Thank you so much for having me on. I'm excited too. It's been crazy watching everything that you've done and accomplished over the past several years and it's been quite the journey for both of us. This should be really fun.
You have no idea who is on the other side of the screen on social. We were talking about the power of DM. How I connected with Brett, he reached out to me on Facebook randomly and he said, “We have a mutual friend. I'd love to connect and chat details. I hear that you're a fellow entrepreneur just like me.” I am so game to that. I didn't realize what a mogul this guy was and is becoming. Brett, let's talk about your story. I want to hear about your background. What I think is so cool about you is you didn't come from a family of entrepreneurs that are hitting on all cylinders. Let's take it back. We went to the same high school. We didn't think there were any other entrepreneurs that were there. Fill us in.
We went to the same high school but we were a grade or two apart and never met in high school. I think it's hilarious. We ended up meeting through a mutual friend. I reached out to you because we're both from Minnesota where entrepreneurship was dead for a while. It's like in an apocalyptic movie like, “There's one human left, another entrepreneur here in Minnesota. I need to reach out.” I definitely did not come from an entrepreneur family. This sounds made up but it's completely true. I didn't know what an entrepreneur was when I was an adult. My dad was a cop and my mom was a teacher, which sounds so cliché but that’s typical Midwestern family. My dad knew that there was something different about me. I was always very stubborn.
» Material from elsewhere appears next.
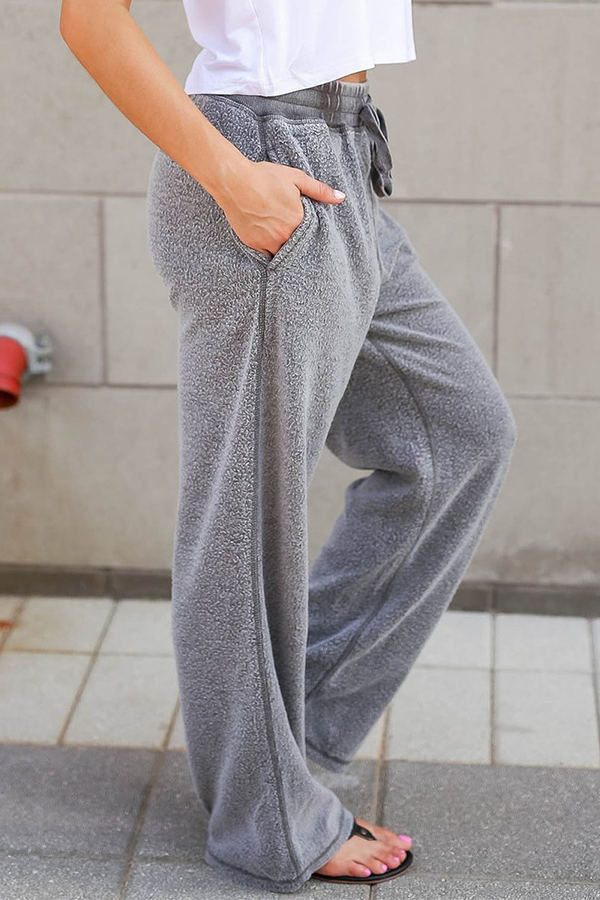 Casual Solid Draw String Pocket Loose Wide Leg Solid Color Bottoms(5 Colors)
I didn't go against the grain on purpose. What everything else that made sense to other people didn't make sense to me.
I was always pushed to get good grades so that I could get into a good college so that I could get good grades again so I could get a job. Here's the thing, our parents' generation, that was what was best for them. Statistics prove that. Back in our parents’ generation, the price of college was very low and the value delivered from a college degree was very high. All the numbers proved it. Now has been a huge shift in value versus price. Now the value delivered is arguably low and the price is extremely high. Over 50% of people graduate from college and moved back in with their parents and they can't find work in their field. I was talking to somebody about this. Forbes said that 50% of working people by next year will be entrepreneurs or freelancers. I found entrepreneurship through network marketing originally. I turned eighteen and it was just a concept of it.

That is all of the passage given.